HW#16 Ch 6: Force and Motion — II
Instructions: Show all work using Newton’s 2nd law and free body diagrams.
1. The coefficient of kinetic friction between a jeep’s tires and the flat road is µk = 0.5. If the net force on the jeep is the force of kinetic friction exerted by the road, (a) what is the maximum deceleration of the jeep when the brakes are applied? (b) What is the shortest distance in which the jeep can stop if it is traveling at 25 m/s before the application of the brakes?

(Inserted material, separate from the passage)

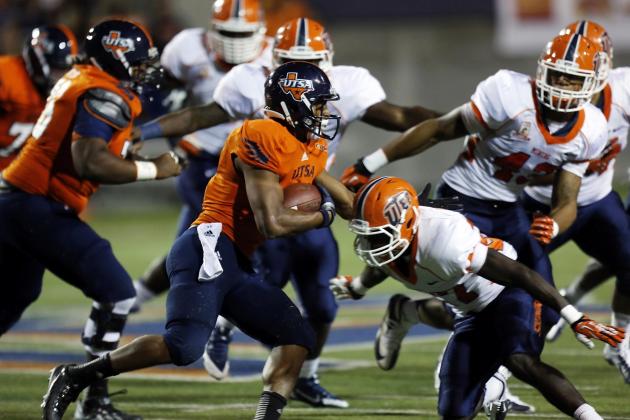 UTEP at UTSA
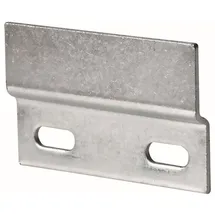 Hettich Schrankaufhängeschiene 76 x 47,5 x 2 mm, Stahl, verzinkt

2. Your pet horseshoe crab, Zippy, has grown to 4.9 kg and is feeling somewhat lethargic. Sensing that something is missing from his life, you decide to give him a thrill ride by attaching a rope to his exoskeleton with a bit of contact cement. (Your friend complains that this is animal cruelty, but you reply that he is about to molt.) The other end is attached to a hanging mass of 3.2 kg via a low-friction, low mass pulley, as shown in the accompanying figure. If the coefficient of kinetic friction between the crab and the table is 0.4, find the time that it takes for Zippy to scoot 1.2 m across the table, if he starts from rest.
3. A shipping crate of mass m1 = 28,200 kg is at rest on a ramp that makes an angle of θ = 10° with the horizontal. The coefficient of kinetic friction between the crate and the ramp is µk = 0.207. The crate is attached to a large lead counterweight of mass m2 = 12,000 kg that hangs vertically by means of a steel cable that passes over a low-friction, lightweight pulley. The lead counterweight is then released from rest. When it has fallen 70.0 cm, what is its speed?
4. It’s your friend’s birthday, and you want to impress her with your knowledge of physics, so you build a rocket car to deliver her birthday present. The front of the car has a vertical piece of plywood with a coefficient of static friction of µs = 0.64. You reason that if you accelerate fast enough, there will be enough friction between the plywood and the present so that it will not fall. a) If the present weighs 1.2 kg, what is the minimum acceleration that you need to prevent the present from falling? b) How great is the frictional force between the plywood and present? c) What is the force of friction on the present if you accelerate at twice the minimum acceleration in part a?